I wouldn't sell yourself too short on the PIC time. You've got more than most guys sitting right seat right now and enhancing that time with some turbine time may be worth something. That freight flying is damn good experience too. Just gotta find ways to sell it. ;)
 
Freight = flying. Airlines = bus driving.

When I finished my Metroliner checkride, the company sent me a wheelbarrow to assist with carrying the weight between my legs. I laughed and sent it back with a note that said, "send a john deere if you wanna help."
 
Well, I mean, I struggled a bit in my first jet sim training. Not, I think, so much because of the jets as because of the glass. From an airline's perspective, why hire Billy Badass who's flown through more thunderstorms than you can shake a stick at, but who thinks "VNAV" is done with arithmetic? Especially when you've got a long line of puppymillers who already know where all of the buttons are and are willing to work for peanuts? I'm not saying I agree, but I see where they're coming from and I don't think they're totally insane. Maybe a little short sighted, but then that seems to be endemic to American Businesses of all stripes...
 
Well, I mean, I struggled a bit in my first jet sim training. Not, I think, so much because of the jets as because of the glass. From an airline's perspective, why hire Billy Badass who's flown through more thunderstorms than you can shake a stick at, but who thinks "VNAV" is done with arithmetic? Especially when you've got a long line of puppymillers who already know where all of the buttons are and are willing to work for peanuts? I'm not saying I agree, but I see where they're coming from and I don't think they're totally insane. Maybe a little short sighted, but then that seems to be endemic to American Businesses of all stripes...
It took me a couple of flights to really get the "buttonology" down. But we're talking like 2.0 here. You can teach a monkey to press a button, it's really not difficult.
I laugh every time I see "FMS" time and such. It was clearly written by a person in their 50's or better. My generation grew up with this stuff, give me 3 hours with it on the ground and I'll show the old dude that's been using it for ten years things he didn't even know it does.
 
We had one Captain who pretty much knew how to "direct to" and maybe on a good day could load a flight plan. Even I showed him a thing or two on the FMS. Of course I also sometimes reminded him to raise the flaps...
 
I see what you're saying, but considerring all us whippersnappers are children of magenta these days(I was at least), I get really REALLY pissed off when anyone argues "ZOMG glass/fms!". Not directed towards you at all Boris, just how I feel in general, but given the training backgrounds these days, that argument is just completely invalid.

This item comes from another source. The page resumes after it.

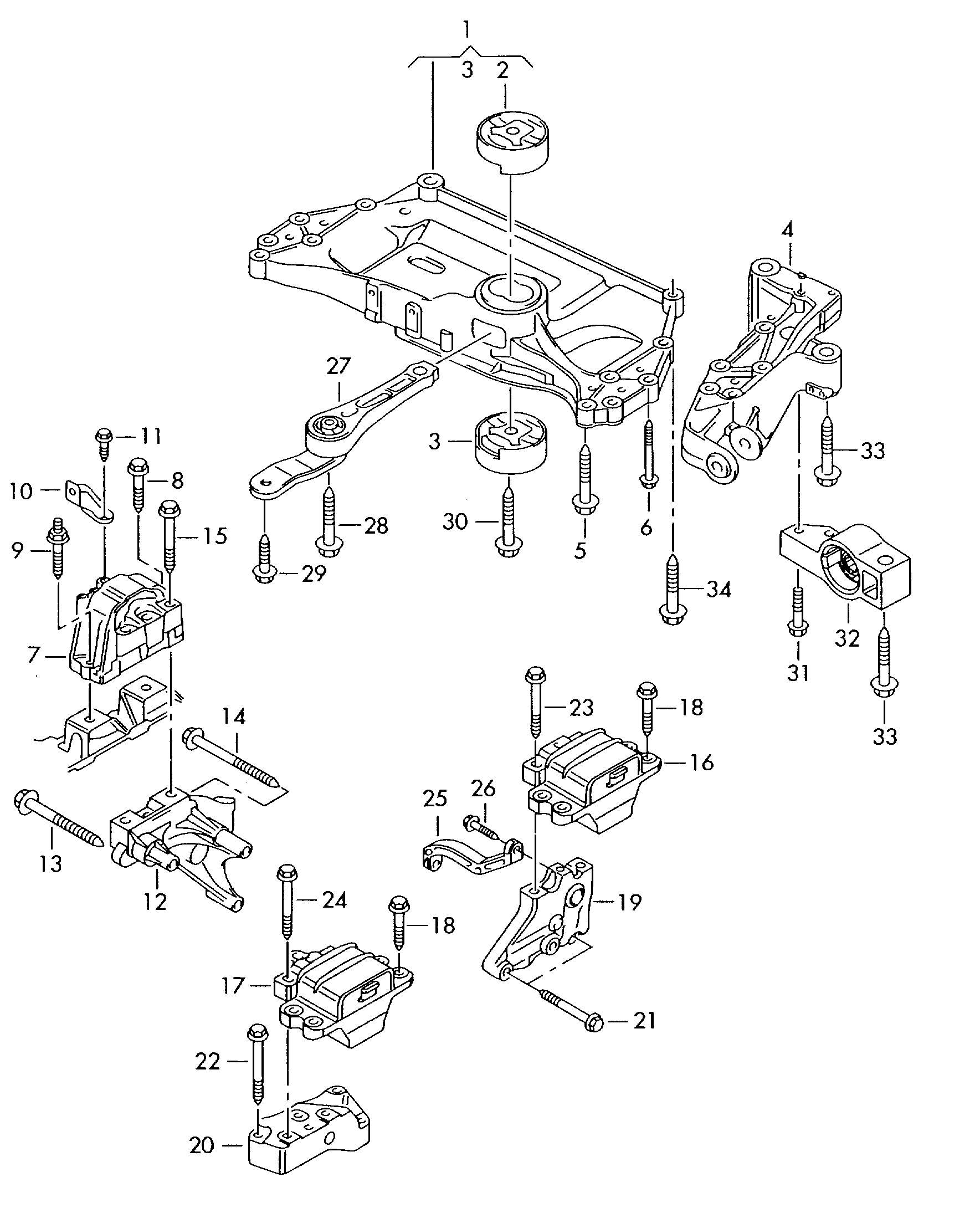 Seat 1K0 199 855 BB - Piekare, Dzinējs ps1.lv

I figured out a 737 FMS(Rockwell unit?) in less time than it took to eat a slimjim. Billy badass these days can operate an FMS and understand a glass panel just as well as jet kitty guy. IF you're a child of magenta. ;)
 
Yeah it might be different now, but I would expect it to take time for hiring boards to realize this fact. I would be on the young side for guy interviewing people (had I taken a very different path), and I most assuredly am NOT a child of the Magenta. I bought a GPSIII (remember those?) in like 1997. I thought it was cool and stuff, but when it was stolen out of my car (say late 2000), it didn't impact my life in any meaningful way. I still sometimes find myself sort of amused when flying, say, a DME Arc (I actually got one the other day!) and I get to watch the GPS tell me where I am.

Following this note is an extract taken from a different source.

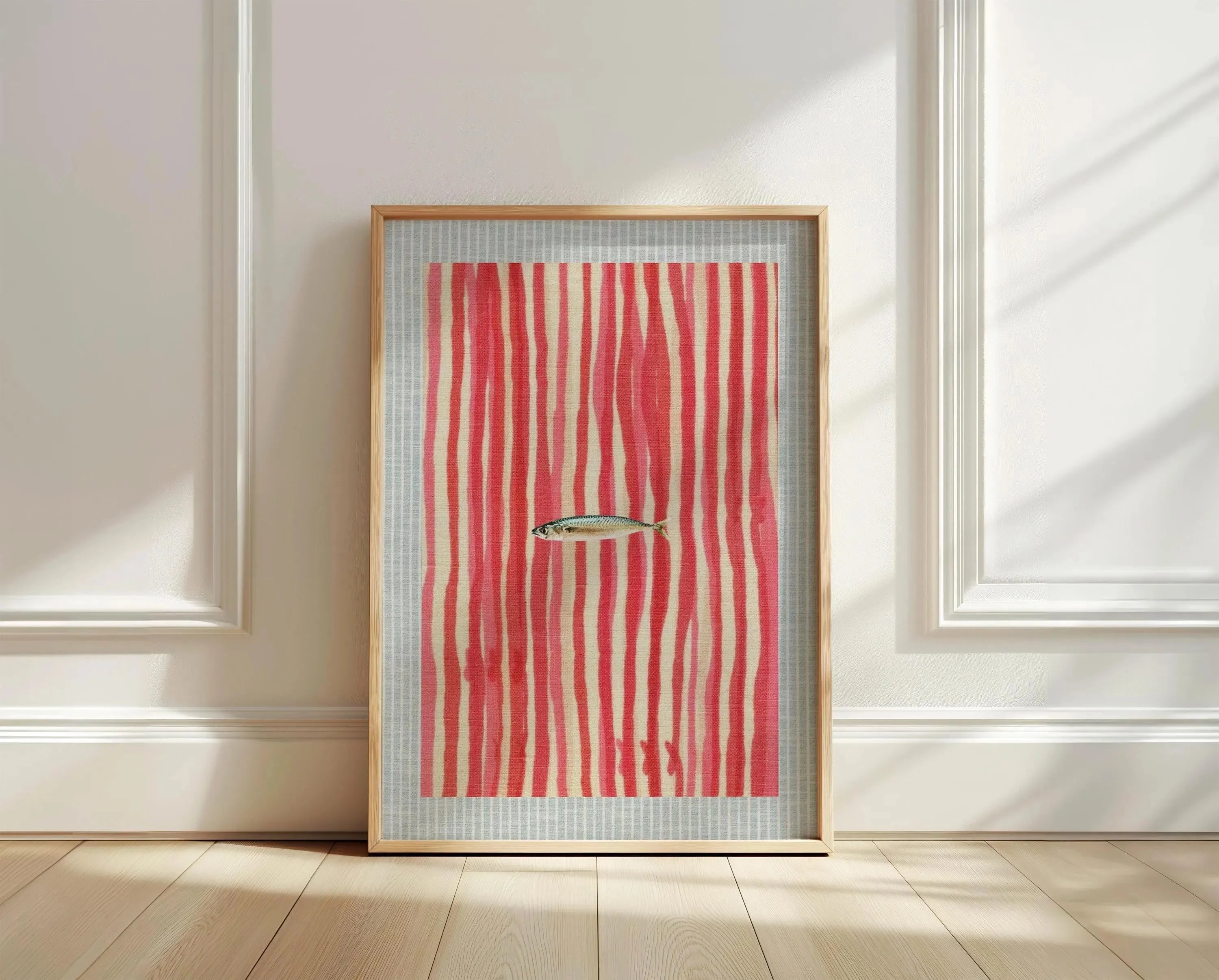 Pink Canned Sardines Canvas Print Sardine Fisherman Aesthetic Wall Art Poster for Modern Living Room Kitchen Home Decor Gifts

And this isn't meant to be a post about who's Tough and who Ain't, it's just interesting to me how quickly the Technology changes, and how slow the Culture is to adjust to the change. I know, for example, that all the freightdoggies who grew up with Magenta but flew without it are 100% solid. But I do think that if you're waiting for someone to realize this, you're going to be waiting a while. Because all of the people who need to do the realizing are from back when Dinosaurs ruled the Earth, and their opinions are very much a product of the time and place where/when THEY were the kids. And isn't that always the way...?

Also: Get off my lawn.
 
Yeah it might be different now, but I would expect it to take time for hiring boards to realize this fact. I would be on the young side for guy interviewing people (had I taken a very different path), and I most assuredly am NOT a child of the Magenta. I bought a GPSIII (remember those?) in like 1997. I thought it was cool and stuff, but when it was stolen out of my car (say late 2000), it didn't impact my life in any meaningful way. I still sometimes find myself sort of amused when flying, say, a DME Arc (I actually got one the other day!) and I get to watch the GPS tell me where I am.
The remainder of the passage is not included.